38                                  Dans les jardins et les vergers

                                Les oiseaux chantent sur les branches

                                     Le printemps clair l’avril léger

  

                                   Mort d’immortels argyraspides

                                    La neige aux boucliers d’argent

39                                  Fuit les dendrophores livides

                                Du printemps cher aux pauvres gens

                                    Qui resourient les yeux humides

Le bestiaire (33) (satyres / pyraustes / égypans / feux follets) enrichi  d’avatars (les destins) n’a d’unité que son étrangeté ambivalente (damnés ou faustes = favorables) et il ne faut pas chercher une autre signification à l’évocation des bourgeois de Calais (les personnages réels ou la sculpture de Rodin ?) que celle d’une échappée délirante ponctuée par le cri de celui dont la tête entière est en feu (v.5)

Les dédoublements (34) de la douleur personnifiée – (toi) qui doubles les destins – , des figures fantastiques (licorne et capricorne), de l’être qui perd sa matérialité (corps incertain), tous sacrifiés dans une cérémonie qui semble de purification (ô bûcher divin) psychédélique avant l’heure (astres /fleurs du matin), témoignent d’une sorte de schizophrénie.

Les 35, 36, 37 marquent un degré supplémentaire de déstabilisation mentale : à ce qui semble une messe noire (35) succèdent (36, 37) les formes obsessionnelles du clivage (toi qui me suis en rampant / O mon ombre / O mon ombre en deuil de moi-même) : la disparue (ténébreuse) est la moitié pathologique (Tu es à moi en n’étant rien) de l’homme éperdu (en deuil de moi-même) et malheureux jouet de la femme depuis l’Eden (Et toi qui me suis en rampant / ô mon vieux serpent).

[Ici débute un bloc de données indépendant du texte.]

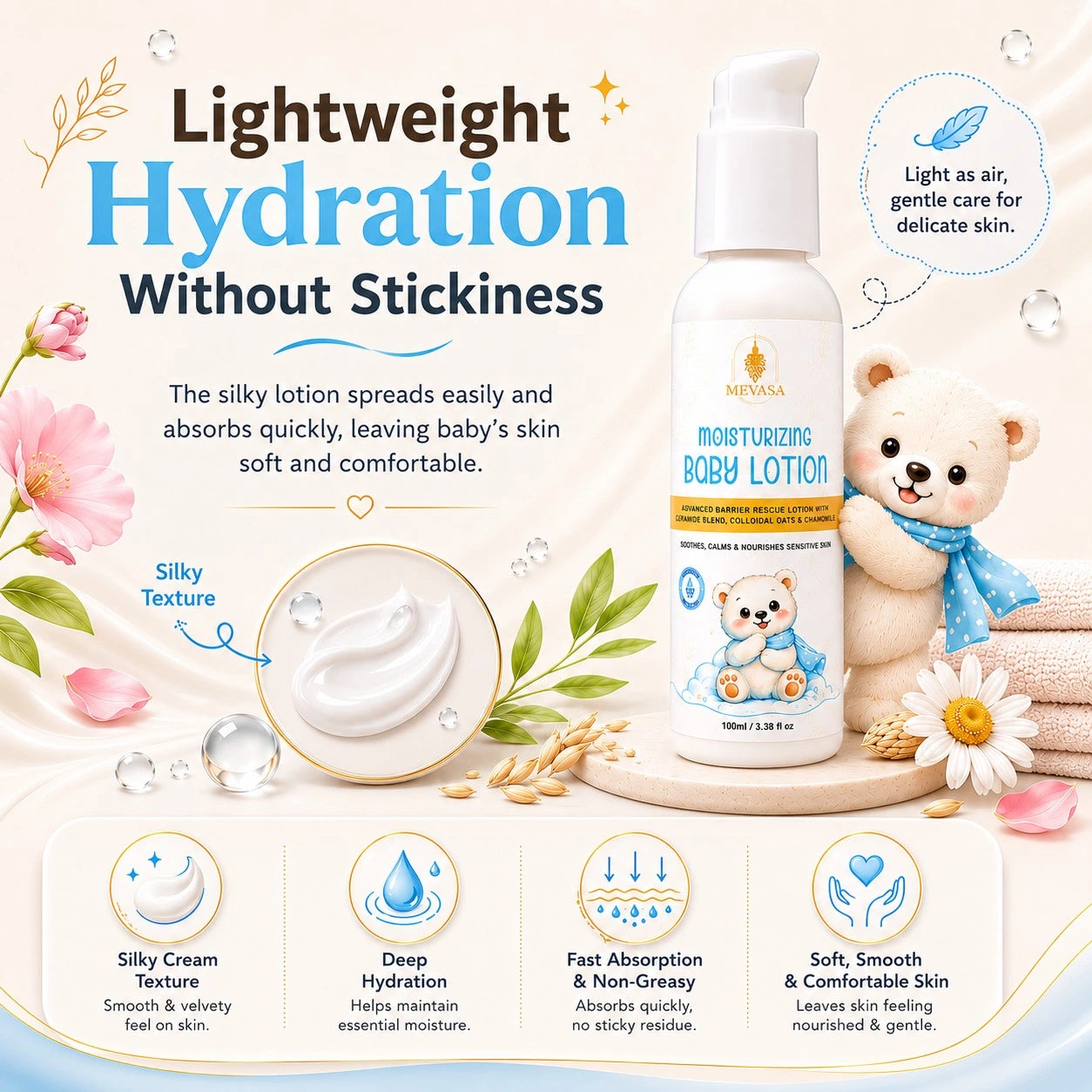 Mevasa Baby Lotion & Milky Body Wash | Gentle, Tear-Free & Moisturizing | 100ml Each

A ces images rouges et noires succèdent les deux vignettes blanches et lumineuses (38,39) de la fin de l’hiver et d’un début de printemps déjà invoqué (J’ai hiverné dans mon passé / Revienne le soleil de Pâques – 10).

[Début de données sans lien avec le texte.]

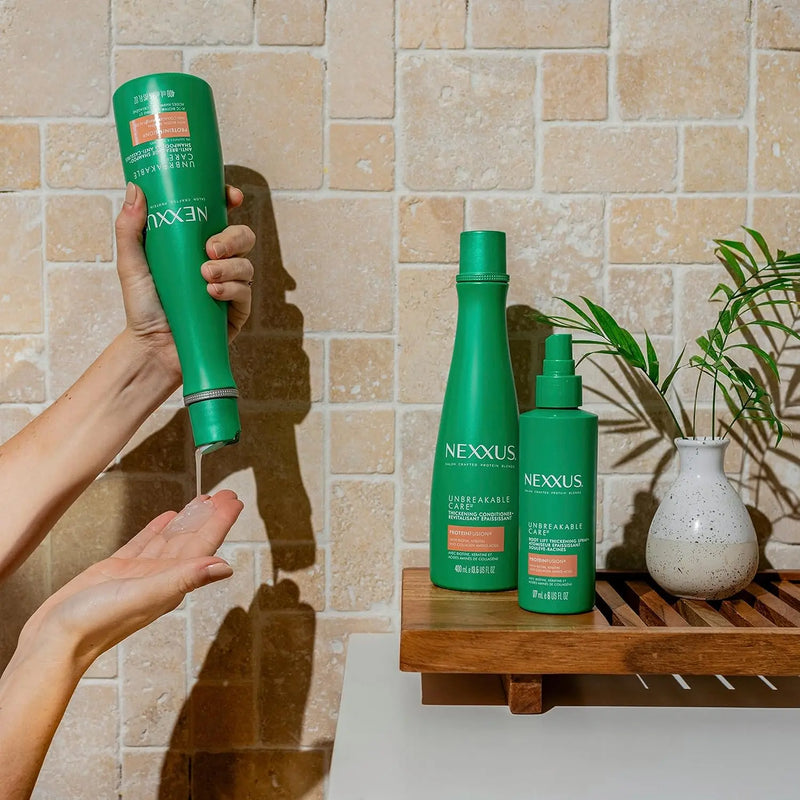 Nexxus Unbreakable Care Shampoo Conditioner and Leave-In Spray 3 Pack For Fine and Thin Hair with Keratin Collagen Biotin 13.5 oz 6 oz Infinity Warehouse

La mort est désormais celle de la mort (l’hiver est mort tout enneigé /mort d’immortels argyraspides – deux mots grecs : boucliers d’argent) du dernier froid de la neige qui fond (On a brûlé les ruches blanches / La neige aux boucliers d’argent / Fuit ). «  Les prêtres  fous » (35) des hallucinations sont désormais des porteurs d’arbres symboliques (les dendrophores livides)  de cérémonies païennes annonçant la vie qui recommence doucement pour les plus éprouvés : ce n’est plus le clivage violent du soleil et de l’ombre (37), mais les nuances d’harmonie de pastel (clair / léger). Si la nature vit d’emblée le renouveau (les oiseaux chantent sur les branches) il faut du temps aux déshérités (pauvres gens qui resourient les yeux humides), miroir du malheur de l’hiver mental.

Pour autant, le passage de l’ombre à la lumière du printemps n’est pas facile parce qu’il ravive les souvenirs érotiques de la relation amoureuse finie.